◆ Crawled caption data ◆
#####

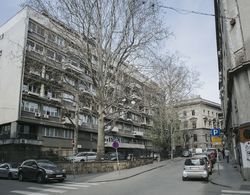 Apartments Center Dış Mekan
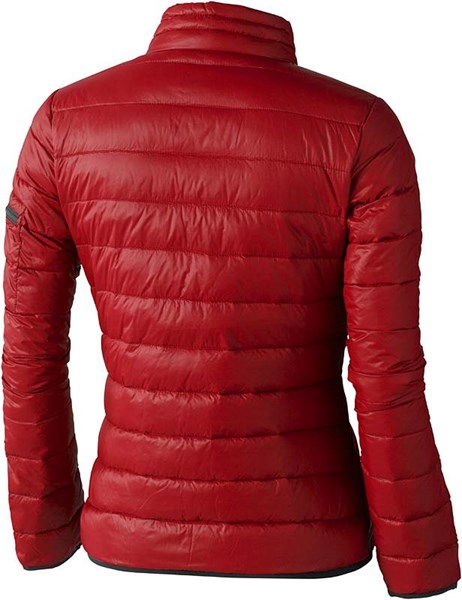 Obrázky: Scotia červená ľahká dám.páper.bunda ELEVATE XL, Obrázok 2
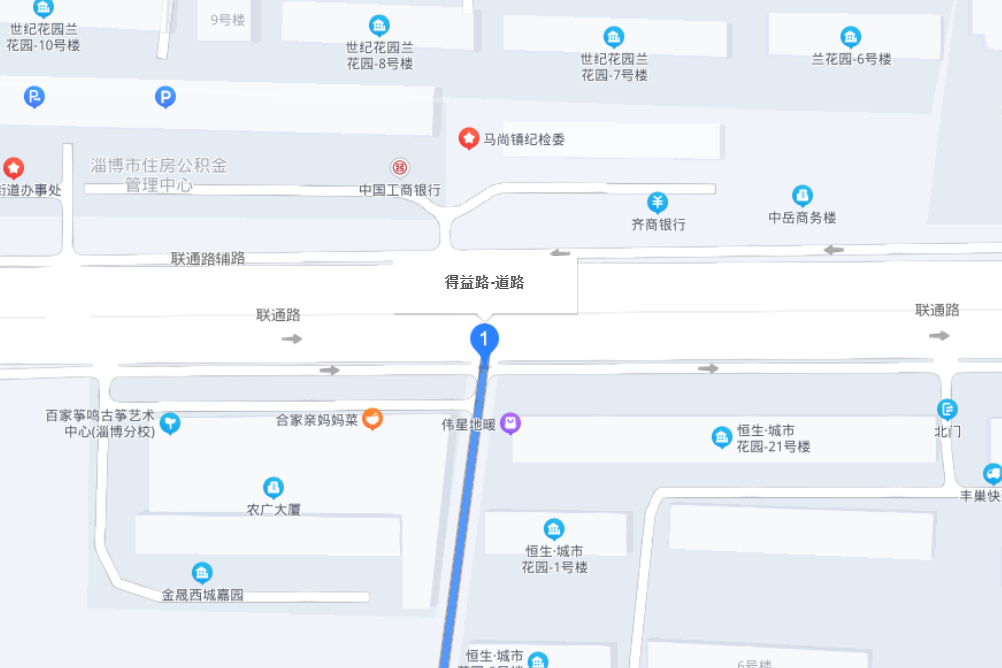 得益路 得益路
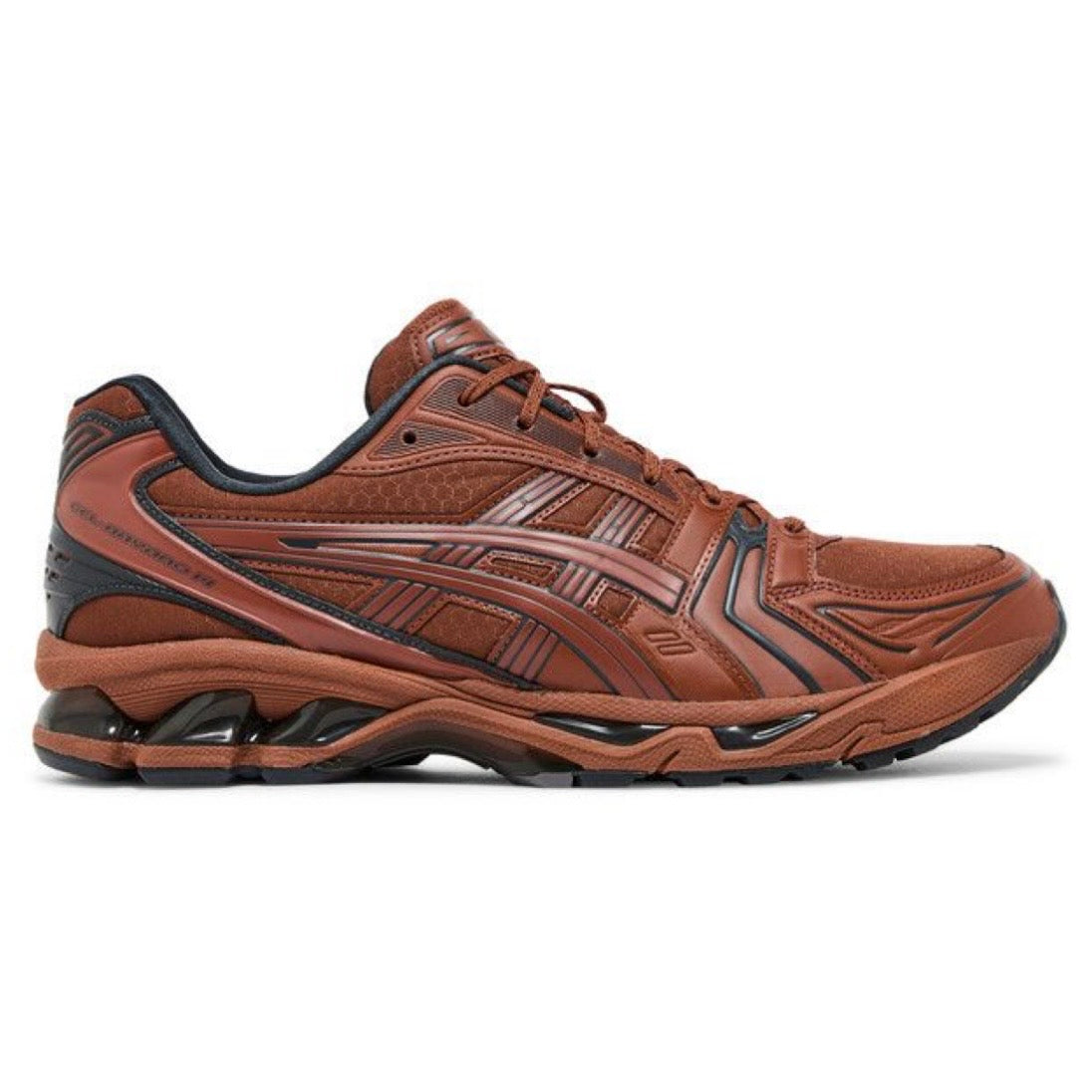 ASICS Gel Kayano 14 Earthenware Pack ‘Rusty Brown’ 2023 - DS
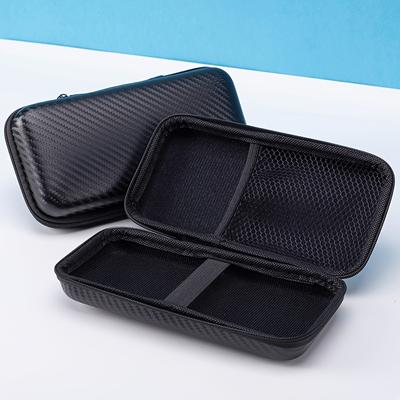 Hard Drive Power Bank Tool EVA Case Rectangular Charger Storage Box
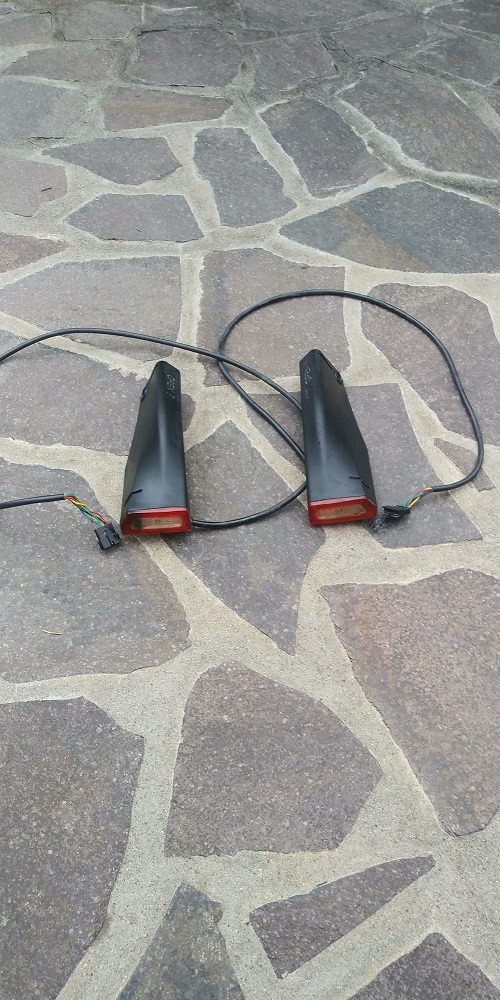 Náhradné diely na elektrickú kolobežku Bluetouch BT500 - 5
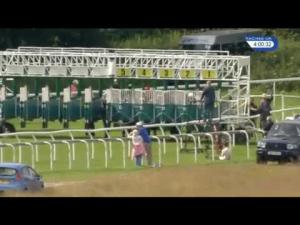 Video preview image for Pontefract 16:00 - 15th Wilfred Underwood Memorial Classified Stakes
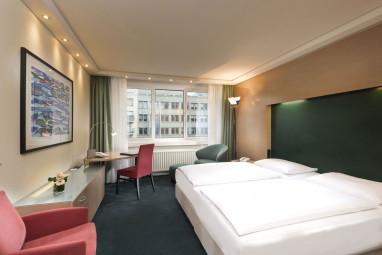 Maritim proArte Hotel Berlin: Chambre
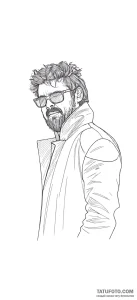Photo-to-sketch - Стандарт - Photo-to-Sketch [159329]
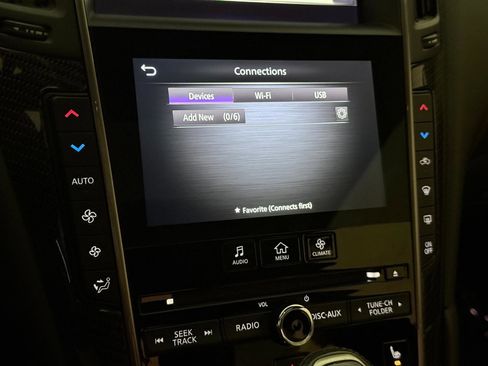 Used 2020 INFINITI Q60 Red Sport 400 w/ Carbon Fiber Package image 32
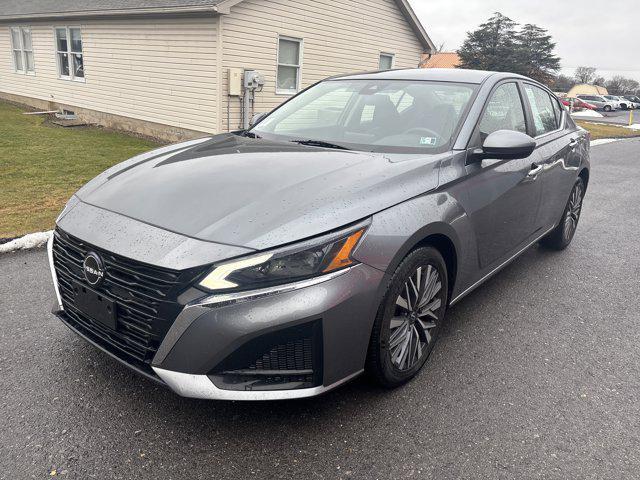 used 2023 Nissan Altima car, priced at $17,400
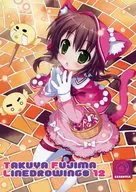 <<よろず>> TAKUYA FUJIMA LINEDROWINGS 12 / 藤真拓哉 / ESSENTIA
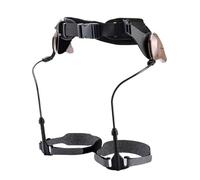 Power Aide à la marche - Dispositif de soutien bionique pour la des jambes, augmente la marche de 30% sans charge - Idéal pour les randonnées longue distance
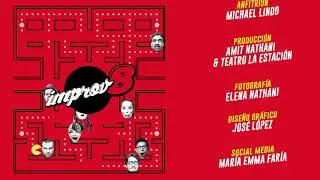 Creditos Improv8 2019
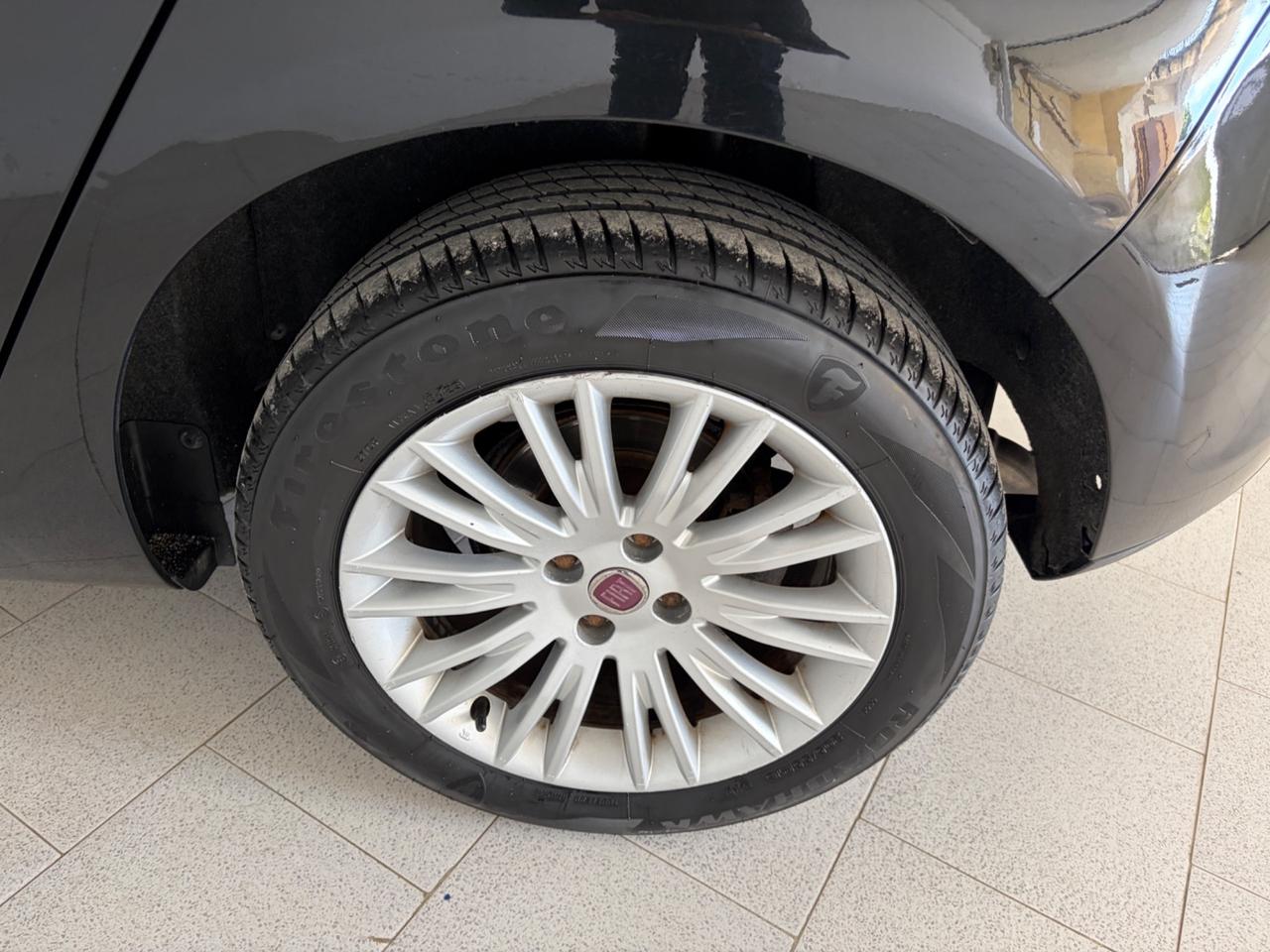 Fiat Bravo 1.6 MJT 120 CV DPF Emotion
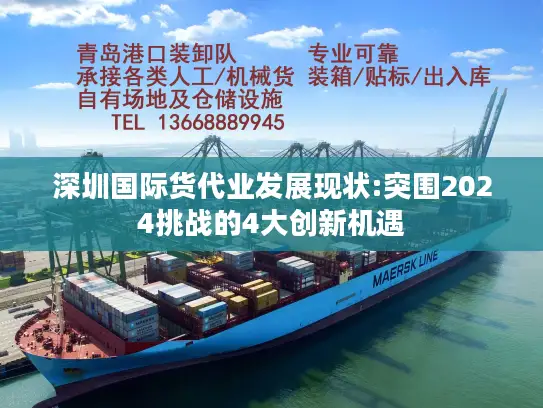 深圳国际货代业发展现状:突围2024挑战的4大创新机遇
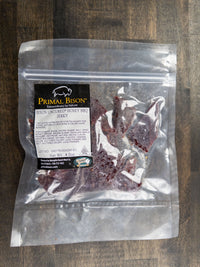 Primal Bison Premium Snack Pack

#####

◆ WHAT THIS TASK INVOLVES ◆
The required answer is the lines from the one that contains "<<よろず>> TAKUYA FUJIMA" through the last line of the records, restated word for word, with every picture dropped.

◆ OUTPUT OF THE TASK ◆
 <<よろず>> TAKUYA FUJIMA LINEDROWINGS 12 / 藤真拓哉 / ESSENTIA
 Power Aide à la marche - Dispositif de soutien bionique pour la des jambes, augmente la marche de 30% sans charge - Idéal pour les randonnées longue distance
 Creditos Improv8 2019
 Fiat Bravo 1.6 MJT 120 CV DPF Emotion
 深圳国际货代业发展现状:突围2024挑战的4大创新机遇
 Primal Bison Premium Snack Pack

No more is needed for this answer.